GUMMOW J:   Thank you.  Mr Young.

MR YOUNG:   Mr Golvan has submitted that there was no evidence of human contribution here.  Two of the judges in the Full Court disagreed.  They both found that there was, within the published literary works, human contribution.  Justice Perram specifically found that, as did Justice Yates.

GUMMOW J:   Where do we see Justice Yates?

MR YOUNG:   Justice Yates is in paragraph 169, three lines from the end of paragraph 169 at page 194, “even though elements of authorial contribution are present.”  Justice Perram went much further because he found that there was such elements that you could say the work was an original literary work by virtue of those other contributions.  He said that both in paragraphs 111 and 112 at 172.  The effect of paragraph 112 is that the collection phase and the activities in that phase were sufficient to show:

that the directories were original in the sense of not having been copied ‑

There is a prioritising of ‑ ‑ ‑

GUMMOW J:   I do not think paragraph 169 helps you.

MR YOUNG:   Well, there is a prioritising of contributions.

GUMMOW J:   You have got to get special leave.

MR YOUNG:   Yes.

GUMMOW J:   All right.

MR YOUNG:   Your Honours, all that the respondent has done is to repeat the Full Court’s approach that you look narrowly at the people who operated the computer program that did the selection and arrangement.  We agree, of course, that authorship is central and you need to look at the material form, but once you identify the material form, you do not confine your attention to the two individuals who operated the computer program that did that selection step.  You look at the whole of the work and you ask, what evidence is there of the contribution of authors to that work as a whole?  Two of the three judges has found that there were contributions.

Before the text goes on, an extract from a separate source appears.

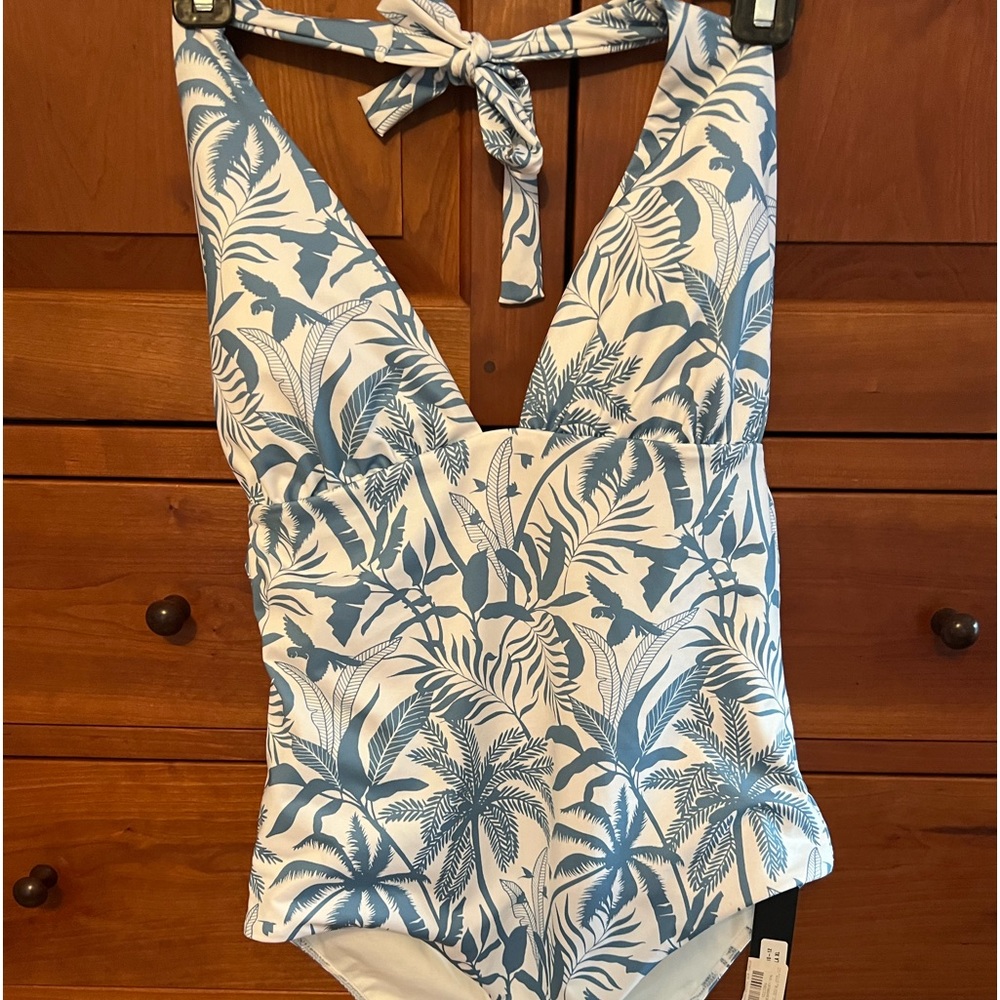 Touche’ Resort Collection one pc. Bathing suit BRAND NEW w tags. Size XL 10/12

They have said that there were more important contributions in that later step, but that is not to deny that the works are relevantly original in the sense that they are the product of human intellectual effort and not copied.  The whole error is reflected in our learned friend’s submissions to say that the epicentre is the person who pushes the button on the computer program that does the selection.  As to the dismissal of the computer as a tool, the basis of Justice Yates’ dismissal is apparent in paragraph 168 at 193 to 194.  His Honour accepts that the employees were involved “in selecting, customising, maintaining and operating”, but he says that that is not to the point.

GUMMOW J:   What do you say about paragraph 89 of Chief Justice Keane?

MR YOUNG:   Paragraph 89, your Honour?

GUMMOW J:   Yes, page 162, and, indeed, paragraph 90.

MR YOUNG:   We say, your Honour, that his Honour is factually correct to say that the selection and data arrangement occurred at the book extract stage with a qualification about the Yellow Pages headings which her Honour made in her findings of fact at paragraph 198, but those headings were determined at the earlier stage.  But as for the conclusion that the compilations do not originate from an individual or group of individuals, you can only reach that conclusion by focusing solely on one step in the preparation of the literary work.  Desktop Marketing did go on and consider the contribution factually in that case of computer programs, so it is not a dinosaur to the extent that Mr Golvan described it.

GUMMOW J:   I do not think it is in good health though.

MR YOUNG:   It obviously does not deal with the area that we are dealing with, your Honour, but that is not to say that there is anything wrong in the view that the earlier selection processes remain a relevant subject matter for analysis as to whether they are a relevant contribution to originality.  That has not been doubted and was not doubted in IceTV.  We submit that it does raise questions of general importance and in a suitable vehicle.

GUMMOW J:   Thank you.  The applicants do not challenge the detailed primary findings of fact made by the trial judge.  We see no error in the application by the Full Court of the law to those facts.  Accordingly, special leave is refused with costs.